In simplifed terms, here's how it effectively works for a given server:
Jim
In order to sample something and report a state change to an accuracy of time interval I, you must poll at an interval of I/2. That assumes that the polling frequency for both states of a 2-state system is the same. In this case, it is not; They poll slowly for failure, and poll much faster for recovery. The best accuracy thay can achieve if they poll once an hour for failure and infinitely fast for recovery is a one-hour accuracy.
To illustrate: They could poll once an hour, and polling it just before your server died, find it OK. They would not poll again for one hour while your server is still down, and then poll again after this first hour. At this time (after the first hour), they would find it down, and then begin polling very fast - say once per second. If, after the first hour and one second of actual downtime, the server came up, they would see that it had been down only for one second.
Actually, they used to poll once an hour, give or take a (very) few minutes. In the past several years, though, I've seen them polling less frequently, and with a much larger variation in the sampling rate. I guess they just have too many subscribers, and too few machines to run their polling client on.
Regardless of the advertising hype and the description on their site, they cannot achieve the accuracy they imply in the downtime report with such a slow failure sampling rate. No-one can break the laws of physics -- or Nyquist and Shannon. This is not to say the service is not useful -- it is. But you need to understand what you're getting.

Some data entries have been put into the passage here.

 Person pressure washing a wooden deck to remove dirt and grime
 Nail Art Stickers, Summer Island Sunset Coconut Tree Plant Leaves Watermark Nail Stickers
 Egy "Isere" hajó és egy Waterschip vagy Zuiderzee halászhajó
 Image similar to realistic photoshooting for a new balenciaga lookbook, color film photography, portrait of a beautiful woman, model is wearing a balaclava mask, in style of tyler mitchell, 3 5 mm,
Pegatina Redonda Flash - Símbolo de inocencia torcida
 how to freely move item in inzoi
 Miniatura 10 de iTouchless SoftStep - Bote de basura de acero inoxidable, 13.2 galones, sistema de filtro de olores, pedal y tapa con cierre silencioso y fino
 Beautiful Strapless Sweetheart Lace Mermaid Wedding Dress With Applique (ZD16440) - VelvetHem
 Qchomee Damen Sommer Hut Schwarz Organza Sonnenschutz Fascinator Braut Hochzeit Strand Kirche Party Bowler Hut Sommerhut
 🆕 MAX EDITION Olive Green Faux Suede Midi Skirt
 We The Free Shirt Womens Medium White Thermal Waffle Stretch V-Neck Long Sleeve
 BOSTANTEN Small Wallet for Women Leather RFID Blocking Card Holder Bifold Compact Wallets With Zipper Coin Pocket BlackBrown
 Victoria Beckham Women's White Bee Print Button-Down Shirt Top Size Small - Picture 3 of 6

Their paid service undoubtedly polls faster, and thus will have better downtime report accuracy.
Jim
Lobo, the accuracy depends entirely on the polling frequency. If they poll your sites faster, then the report will be more accurate. But even on my sites, where they poll (about) once an hour, the downtime report still shows hours:minutes
I don't think they mean to mislead, but it's just impossible to get that accuracy with the one-hour polling rate on my sites.